Monitor batch jobs from CSV, poll status via API, and send email alerts for failures, missed runs, long-running jobs, and missing API data.

Package: inferyx-monitoring
CLI: inferyx-monitoring


Order of steps

  1. Build machine — publish a new version to PyPI (see docs/PYPI_PUBLISHING.md).
  2. Target serverpip install / pip install --upgrade from PyPI.
  3. Target server — configure /opt/pipeline-monitor/.env and jfl_batch.csv, test, enable systemd.

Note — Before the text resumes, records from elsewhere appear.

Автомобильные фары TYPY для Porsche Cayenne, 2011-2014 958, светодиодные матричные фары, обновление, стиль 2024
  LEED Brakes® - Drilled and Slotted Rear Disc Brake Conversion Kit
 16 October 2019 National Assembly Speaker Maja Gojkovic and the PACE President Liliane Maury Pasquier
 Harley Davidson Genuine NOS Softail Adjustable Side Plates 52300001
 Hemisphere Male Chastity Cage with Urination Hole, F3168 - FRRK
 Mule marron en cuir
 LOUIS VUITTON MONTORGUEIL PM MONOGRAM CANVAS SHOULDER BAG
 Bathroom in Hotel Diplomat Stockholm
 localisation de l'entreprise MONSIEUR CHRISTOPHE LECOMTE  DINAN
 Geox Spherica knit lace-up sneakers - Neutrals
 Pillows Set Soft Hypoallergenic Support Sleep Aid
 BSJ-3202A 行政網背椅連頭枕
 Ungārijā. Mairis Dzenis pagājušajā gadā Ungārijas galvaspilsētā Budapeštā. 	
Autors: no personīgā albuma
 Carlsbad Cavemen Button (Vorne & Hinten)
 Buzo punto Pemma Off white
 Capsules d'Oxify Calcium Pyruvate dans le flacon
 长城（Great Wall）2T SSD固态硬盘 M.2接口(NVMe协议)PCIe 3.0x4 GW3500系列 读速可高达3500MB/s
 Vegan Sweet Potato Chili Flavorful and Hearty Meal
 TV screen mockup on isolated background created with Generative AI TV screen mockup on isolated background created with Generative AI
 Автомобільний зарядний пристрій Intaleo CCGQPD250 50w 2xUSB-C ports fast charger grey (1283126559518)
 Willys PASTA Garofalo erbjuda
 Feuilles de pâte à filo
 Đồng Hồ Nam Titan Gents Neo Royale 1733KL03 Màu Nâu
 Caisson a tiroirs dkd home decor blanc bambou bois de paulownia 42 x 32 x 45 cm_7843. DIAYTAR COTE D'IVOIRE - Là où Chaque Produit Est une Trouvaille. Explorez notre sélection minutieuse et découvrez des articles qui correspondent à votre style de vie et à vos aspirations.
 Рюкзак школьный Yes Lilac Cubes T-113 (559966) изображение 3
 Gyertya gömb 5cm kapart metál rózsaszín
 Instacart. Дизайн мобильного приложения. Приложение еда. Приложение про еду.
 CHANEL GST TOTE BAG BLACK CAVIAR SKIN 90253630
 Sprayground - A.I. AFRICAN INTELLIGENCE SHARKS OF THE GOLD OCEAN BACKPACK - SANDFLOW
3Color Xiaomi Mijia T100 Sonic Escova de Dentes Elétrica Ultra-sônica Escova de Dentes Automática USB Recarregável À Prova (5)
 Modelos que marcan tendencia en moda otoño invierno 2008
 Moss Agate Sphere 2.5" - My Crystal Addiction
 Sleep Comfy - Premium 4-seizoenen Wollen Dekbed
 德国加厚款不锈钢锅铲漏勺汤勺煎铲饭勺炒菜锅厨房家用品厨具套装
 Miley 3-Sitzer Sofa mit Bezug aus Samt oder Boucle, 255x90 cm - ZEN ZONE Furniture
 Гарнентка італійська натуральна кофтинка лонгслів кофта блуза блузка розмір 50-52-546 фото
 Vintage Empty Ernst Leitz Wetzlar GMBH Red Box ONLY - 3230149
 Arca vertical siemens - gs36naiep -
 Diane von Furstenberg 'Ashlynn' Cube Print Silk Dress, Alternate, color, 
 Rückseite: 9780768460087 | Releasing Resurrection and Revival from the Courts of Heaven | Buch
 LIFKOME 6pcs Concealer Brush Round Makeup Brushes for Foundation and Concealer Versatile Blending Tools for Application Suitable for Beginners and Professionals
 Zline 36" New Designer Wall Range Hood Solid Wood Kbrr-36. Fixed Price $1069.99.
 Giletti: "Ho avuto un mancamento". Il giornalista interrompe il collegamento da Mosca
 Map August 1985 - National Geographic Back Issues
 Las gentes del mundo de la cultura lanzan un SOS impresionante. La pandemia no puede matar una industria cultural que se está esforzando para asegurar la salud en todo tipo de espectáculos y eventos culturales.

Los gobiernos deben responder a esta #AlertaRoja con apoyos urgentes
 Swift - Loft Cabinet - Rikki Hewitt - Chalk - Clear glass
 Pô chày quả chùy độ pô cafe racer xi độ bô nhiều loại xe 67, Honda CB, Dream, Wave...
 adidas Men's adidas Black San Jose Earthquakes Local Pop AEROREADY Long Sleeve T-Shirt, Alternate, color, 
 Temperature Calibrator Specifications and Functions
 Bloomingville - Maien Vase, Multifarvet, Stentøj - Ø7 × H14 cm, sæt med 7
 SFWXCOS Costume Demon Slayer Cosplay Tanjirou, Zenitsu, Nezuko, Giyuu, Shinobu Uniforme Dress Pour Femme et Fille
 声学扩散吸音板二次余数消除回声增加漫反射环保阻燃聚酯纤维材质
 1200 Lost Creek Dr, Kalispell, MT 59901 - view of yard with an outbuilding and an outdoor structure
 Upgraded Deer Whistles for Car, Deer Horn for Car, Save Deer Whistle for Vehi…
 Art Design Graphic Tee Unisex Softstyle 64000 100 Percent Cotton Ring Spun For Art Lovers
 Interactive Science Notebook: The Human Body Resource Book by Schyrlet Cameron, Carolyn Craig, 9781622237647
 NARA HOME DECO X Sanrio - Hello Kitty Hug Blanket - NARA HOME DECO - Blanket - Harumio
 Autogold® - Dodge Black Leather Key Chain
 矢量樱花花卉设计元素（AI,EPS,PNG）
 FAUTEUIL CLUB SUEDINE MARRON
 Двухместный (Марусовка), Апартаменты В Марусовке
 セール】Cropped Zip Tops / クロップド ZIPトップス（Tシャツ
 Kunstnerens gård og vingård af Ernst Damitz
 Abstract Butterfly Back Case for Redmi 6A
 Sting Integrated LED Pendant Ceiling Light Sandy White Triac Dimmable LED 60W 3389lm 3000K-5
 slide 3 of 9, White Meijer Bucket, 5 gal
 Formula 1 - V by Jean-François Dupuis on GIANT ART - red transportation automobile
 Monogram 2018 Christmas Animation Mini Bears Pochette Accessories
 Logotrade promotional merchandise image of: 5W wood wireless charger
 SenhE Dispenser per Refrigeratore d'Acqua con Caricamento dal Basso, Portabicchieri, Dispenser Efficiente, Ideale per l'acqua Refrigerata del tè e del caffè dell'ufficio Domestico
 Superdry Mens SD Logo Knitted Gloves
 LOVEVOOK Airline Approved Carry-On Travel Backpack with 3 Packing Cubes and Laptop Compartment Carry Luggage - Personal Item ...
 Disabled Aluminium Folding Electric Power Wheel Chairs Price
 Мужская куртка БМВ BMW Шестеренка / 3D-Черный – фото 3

pip install --upgrade updates code only. It never overwrites your .env or jfl_batch.csv.


Paths

Item Path
Install directory /opt/pipeline-monitor
Config /opt/pipeline-monitor/.env
Batch list /opt/pipeline-monitor/jfl_batch.csv
Log file /opt/pipeline-monitor/pipeline_script.log
Python venv /opt/pipeline-monitor/venv
Service user inferyx
systemd unit inferyx-monitoring.service

1. Install on server (from PyPI)

sudo apt update
sudo apt install -y python3 python3-venv python3-pip

sudo useradd --system --home-dir /opt/pipeline-monitor --shell /usr/sbin/nologin inferyx || true
sudo mkdir -p /opt/pipeline-monitor
sudo chown inferyx:inferyx /opt/pipeline-monitor

sudo -u inferyx python3 -m venv /opt/pipeline-monitor/venv
sudo -u inferyx /opt/pipeline-monitor/venv/bin/pip install --upgrade pip inferyx-monitoring

2. Create config files (first time)

cd /opt/pipeline-monitor
sudo -u inferyx /opt/pipeline-monitor/venv/bin/inferyx-monitoring \
  --init-config \
  --work-dir /opt/pipeline-monitor

Creates .env and jfl_batch.csv only if missing. Reference templates: .env.example, jfl_batch.csv.example.


3. Configure .env

sudo -u inferyx vi /opt/pipeline-monitor/.env
sudo chmod 600 /opt/pipeline-monitor/.env

Required

Variable Description
PIPELINE_SMTP_HOST SMTP server (e.g. smtp.office365.com)
PIPELINE_SMTP_PORT SMTP port (usually 587)
PIPELINE_SMTP_USERNAME SMTP login / sender email
PIPELINE_FROM_NAME Display name in From header
PIPELINE_SMTP_PASSWORD SMTP password
PIPELINE_MAIL_TO Primary alert recipients (comma-separated)
PIPELINE_API_BASE_URL API path only — no name= in URL (see example below)
PIPELINE_API_TOKEN API authentication token
PIPELINE_API_TOKEN_HEADER Header name for token (usually token)
PIPELINE_DEVOPS_EMAIL Recipient for no_data and script-failure alerts

API (important)

PIPELINE_API_BASE_URL=http://your-host:8080/framework/metadata/getBaseEntityStatusByCriteria
PIPELINE_API_TOKEN=your_token_here
PIPELINE_API_TOKEN_HEADER=token
PIPELINE_API_FILTER_BY_SCHEDULE_DATE=false
  • Use the base path only. The monitor adds name=<batch> per row in jfl_batch.csv.
  • Keep PIPELINE_API_FILTER_BY_SCHEDULE_DATE=false unless your API supports startDate / endDate filters.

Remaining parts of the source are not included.